(Saved data entries)
* * *

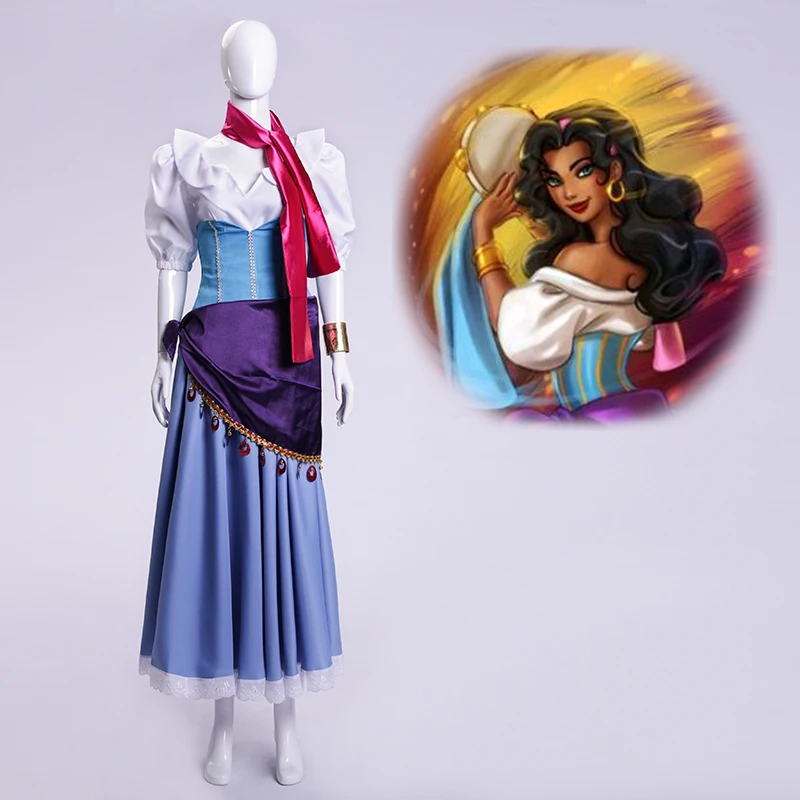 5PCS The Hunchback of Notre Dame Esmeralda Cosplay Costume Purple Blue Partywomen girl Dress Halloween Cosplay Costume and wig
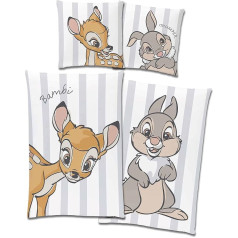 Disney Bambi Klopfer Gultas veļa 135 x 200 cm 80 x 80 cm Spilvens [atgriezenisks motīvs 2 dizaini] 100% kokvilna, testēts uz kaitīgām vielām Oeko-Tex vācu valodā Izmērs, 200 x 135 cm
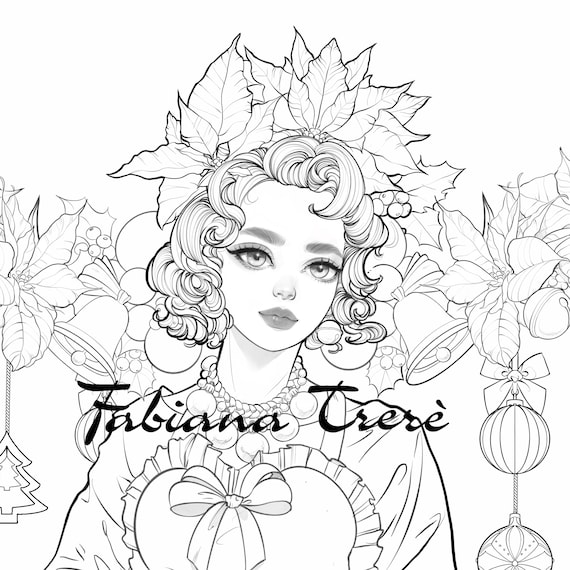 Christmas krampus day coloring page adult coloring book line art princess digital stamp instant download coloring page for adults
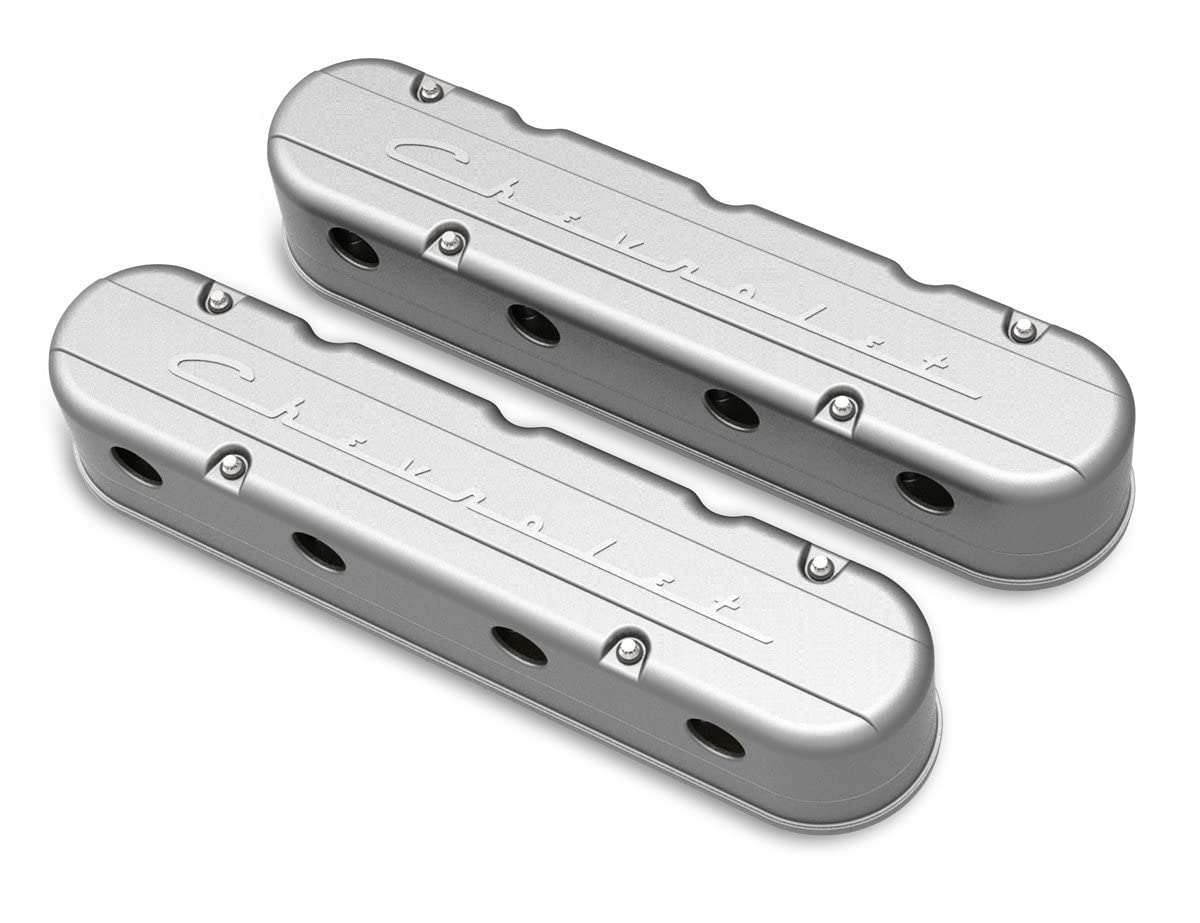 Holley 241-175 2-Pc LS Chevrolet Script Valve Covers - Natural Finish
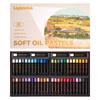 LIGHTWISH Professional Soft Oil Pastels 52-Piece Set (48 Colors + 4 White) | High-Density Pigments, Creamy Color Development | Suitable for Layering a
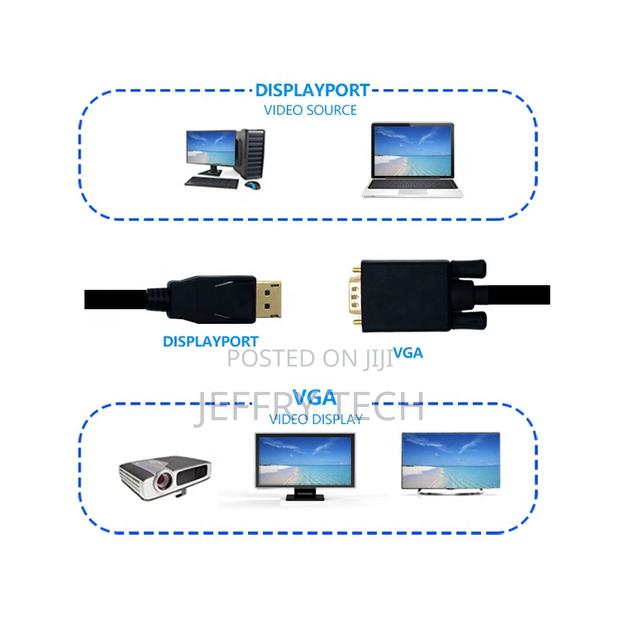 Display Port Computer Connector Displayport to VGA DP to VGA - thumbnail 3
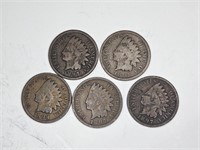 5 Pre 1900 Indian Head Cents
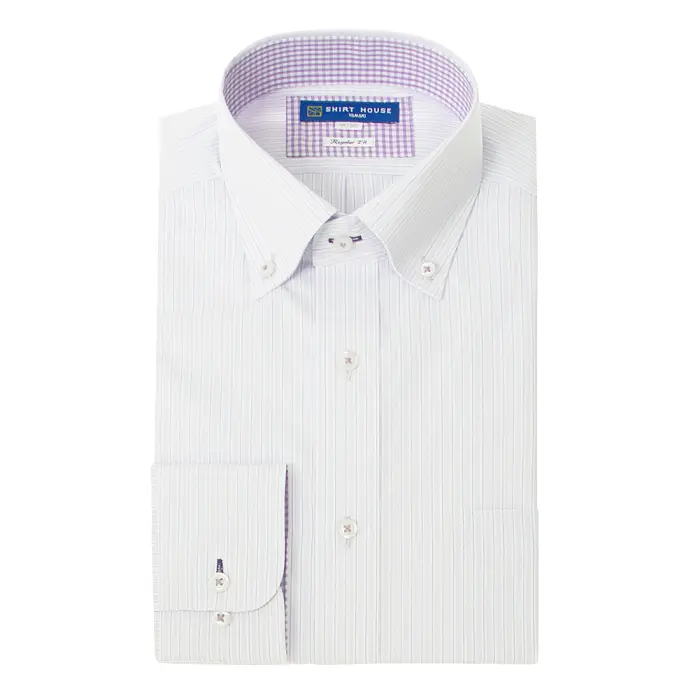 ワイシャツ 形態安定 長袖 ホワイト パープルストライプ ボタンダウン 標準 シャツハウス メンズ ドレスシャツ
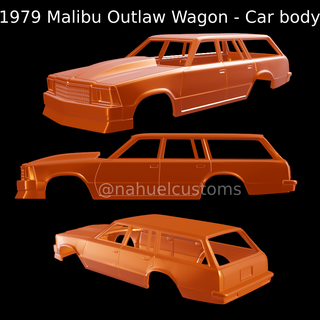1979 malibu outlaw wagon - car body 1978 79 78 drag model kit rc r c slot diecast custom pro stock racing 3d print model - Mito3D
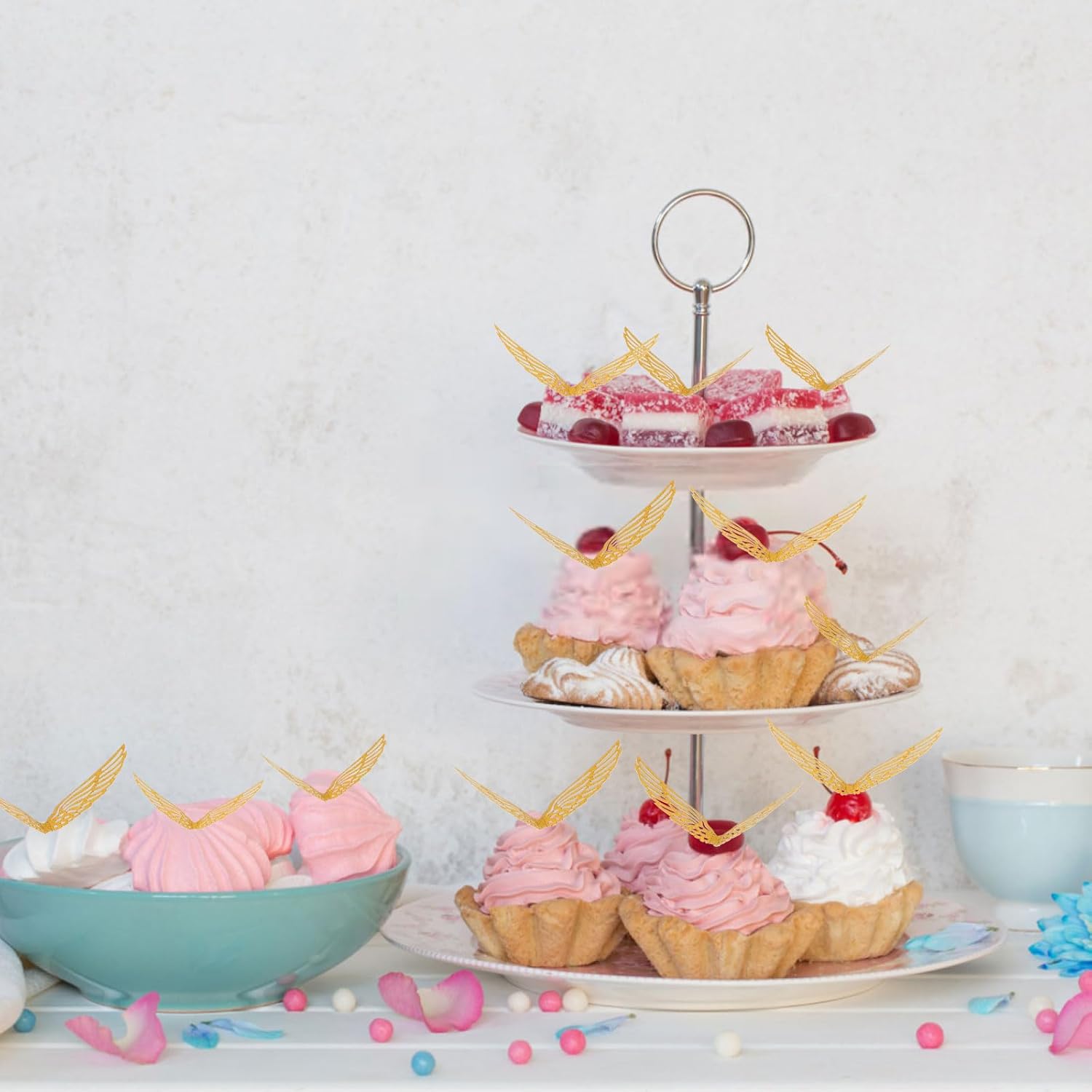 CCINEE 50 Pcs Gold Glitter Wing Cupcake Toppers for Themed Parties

* * *

> _WHAT THE TASK ASKS_: Only an exact copy belongs in the answer: the lines from the one containing "Holley 241-175 2-Pc" through the end of the records, both ends included, minus the pictures.

> _ANSWER SPACE_:
 Holley 241-175 2-Pc LS Chevrolet Script Valve Covers - Natural Finish
 LIGHTWISH Professional Soft Oil Pastels 52-Piece Set (48 Colors + 4 White) | High-Density Pigments, Creamy Color Development | Suitable for Layering a
 Display Port Computer Connector Displayport to VGA DP to VGA - thumbnail 3
 5 Pre 1900 Indian Head Cents
 ワイシャツ 形態安定 長袖 ホワイト パープルストライプ ボタンダウン 標準 シャツハウス メンズ ドレスシャツ
1979 malibu outlaw wagon - car body 1978 79 78 drag model kit rc r c slot diecast custom pro stock racing 3d print model - Mito3D
 CCINEE 50 Pcs Gold Glitter Wing Cupcake Toppers for Themed Parties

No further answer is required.